Image-text web data
+ + +
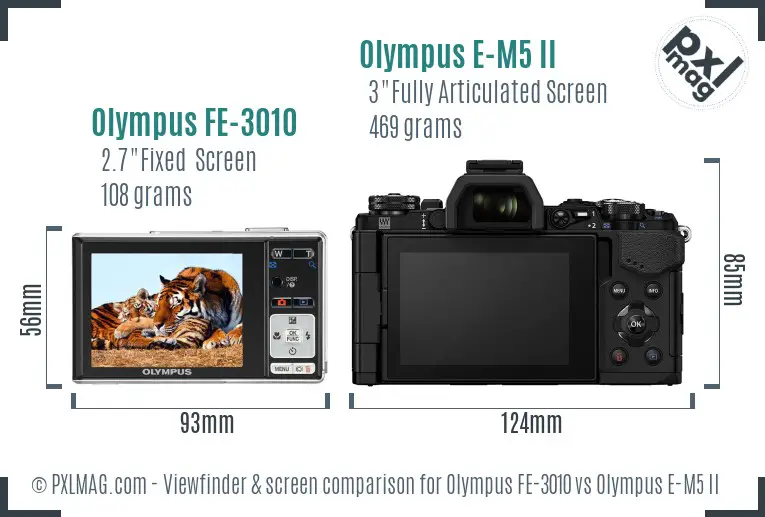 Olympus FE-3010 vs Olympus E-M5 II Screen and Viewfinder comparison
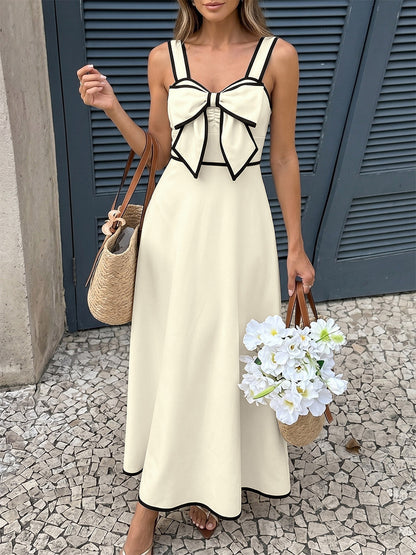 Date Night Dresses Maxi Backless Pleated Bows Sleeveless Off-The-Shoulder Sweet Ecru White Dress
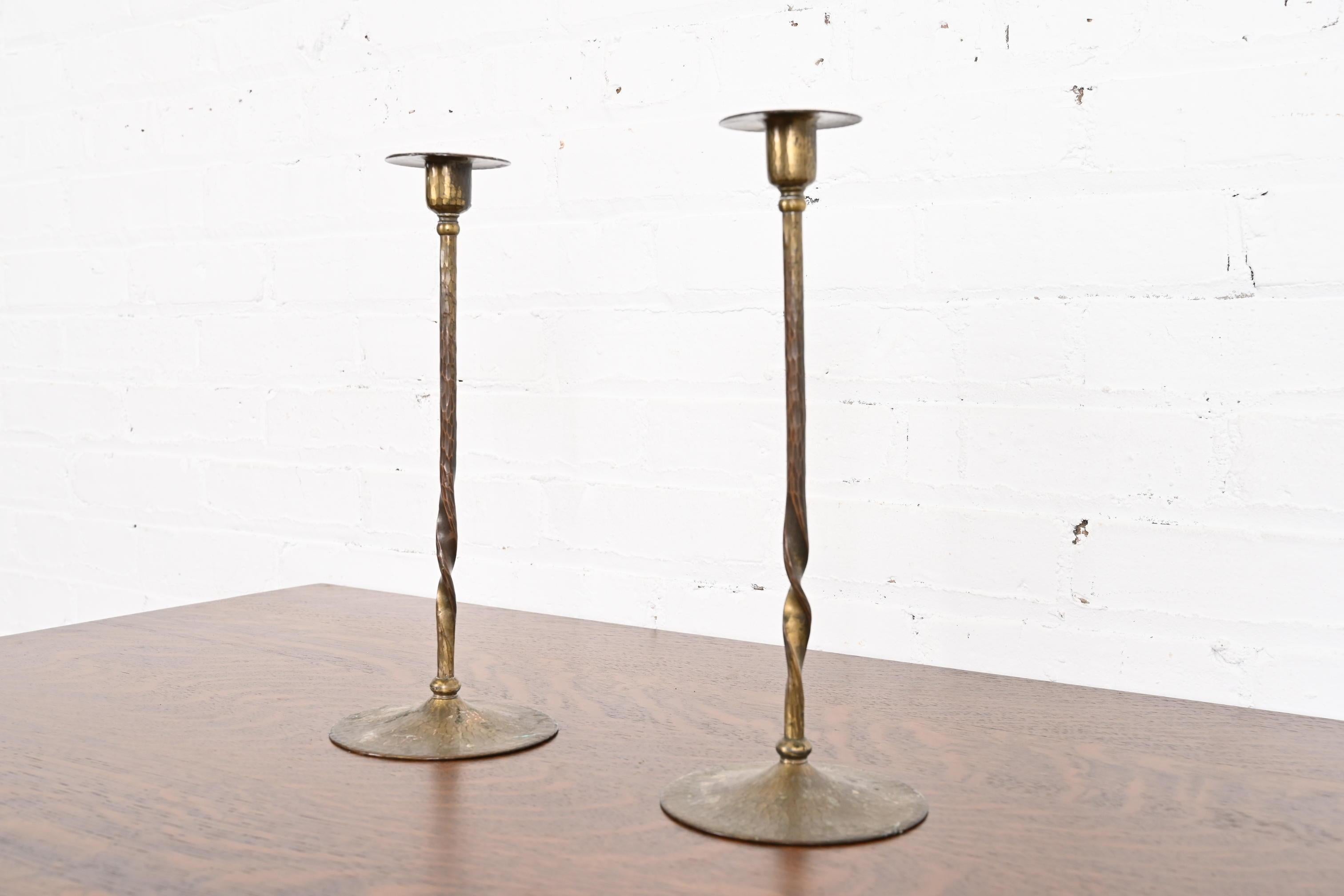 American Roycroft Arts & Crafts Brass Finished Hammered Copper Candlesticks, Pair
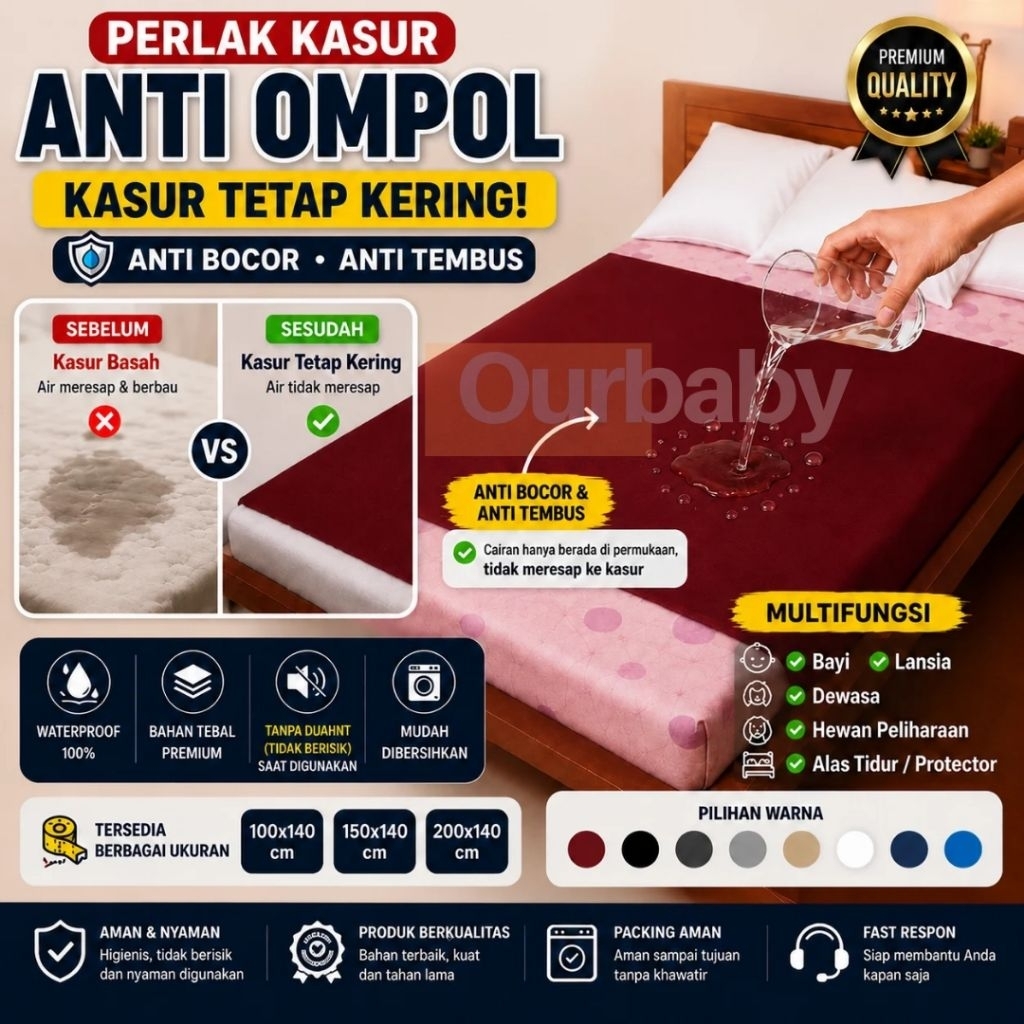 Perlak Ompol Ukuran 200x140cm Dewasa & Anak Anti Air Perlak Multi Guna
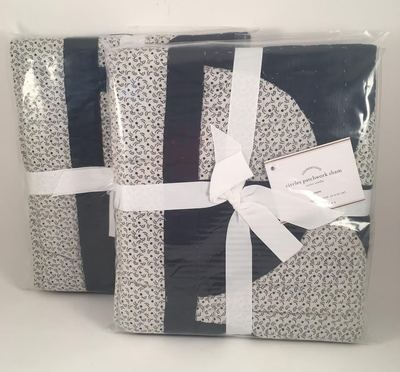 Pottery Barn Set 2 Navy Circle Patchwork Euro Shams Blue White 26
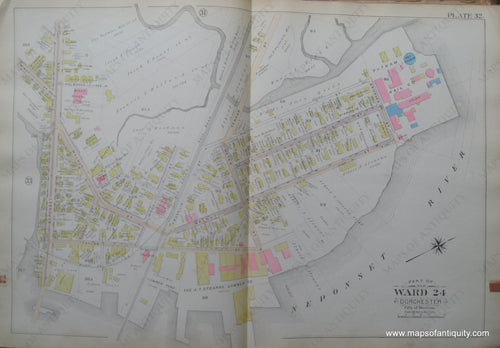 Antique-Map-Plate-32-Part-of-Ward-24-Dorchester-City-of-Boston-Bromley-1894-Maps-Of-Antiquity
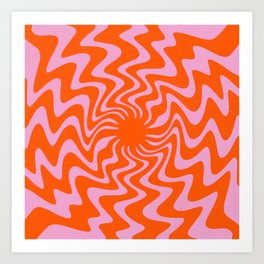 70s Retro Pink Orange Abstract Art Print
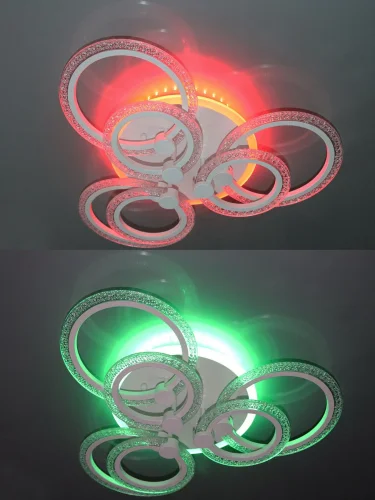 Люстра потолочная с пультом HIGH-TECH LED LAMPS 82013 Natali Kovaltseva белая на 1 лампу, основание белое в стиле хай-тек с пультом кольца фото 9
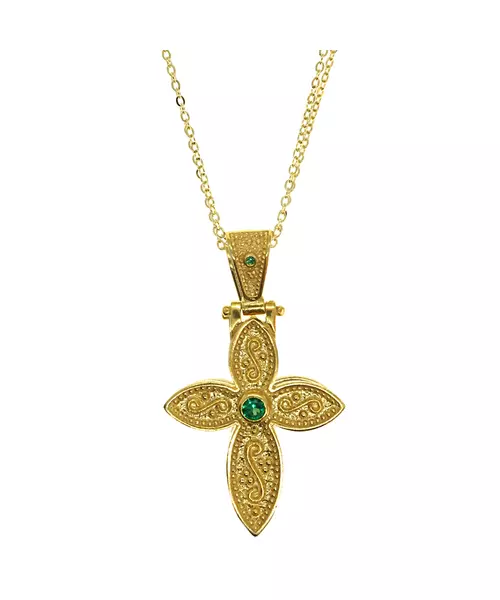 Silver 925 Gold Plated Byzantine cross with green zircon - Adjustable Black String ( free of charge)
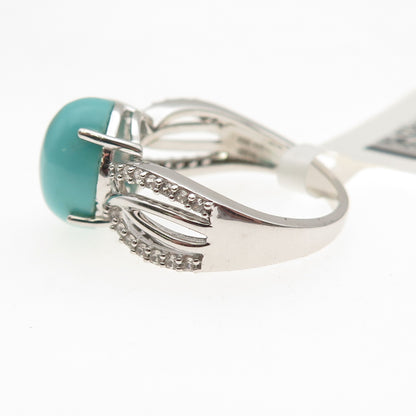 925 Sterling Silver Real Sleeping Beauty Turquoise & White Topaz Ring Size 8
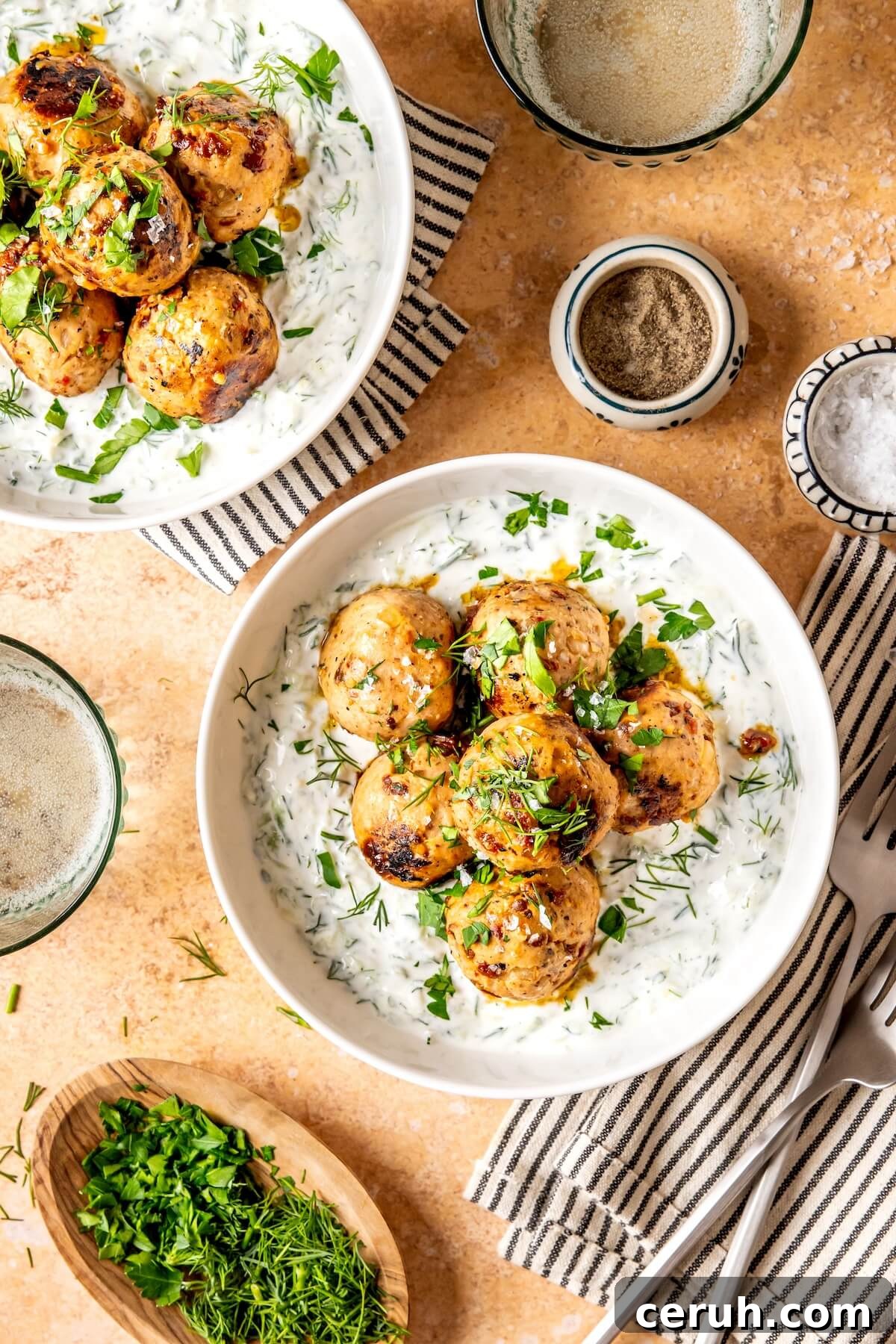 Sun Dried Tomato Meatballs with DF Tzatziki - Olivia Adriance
+ + +
# WORK TASK
Could you transcribe the records above exactly, leaving every picture out?

# YOUR RESPONSE
 Olympus FE-3010 vs Olympus E-M5 II Screen and Viewfinder comparison
 Date Night Dresses Maxi Backless Pleated Bows Sleeveless Off-The-Shoulder Sweet Ecru White Dress
 American Roycroft Arts & Crafts Brass Finished Hammered Copper Candlesticks, Pair
 Perlak Ompol Ukuran 200x140cm Dewasa & Anak Anti Air Perlak Multi Guna
 Pottery Barn Set 2 Navy Circle Patchwork Euro Shams Blue White 26
 Antique-Map-Plate-32-Part-of-Ward-24-Dorchester-City-of-Boston-Bromley-1894-Maps-Of-Antiquity
 70s Retro Pink Orange Abstract Art Print
 Люстра потолочная с пультом HIGH-TECH LED LAMPS 82013 Natali Kovaltseva белая на 1 лампу, основание белое в стиле хай-тек с пультом кольца фото 9
 Silver 925 Gold Plated Byzantine cross with green zircon - Adjustable Black String ( free of charge)
 925 Sterling Silver Real Sleeping Beauty Turquoise & White Topaz Ring Size 8
 Sun Dried Tomato Meatballs with DF Tzatziki - Olivia Adriance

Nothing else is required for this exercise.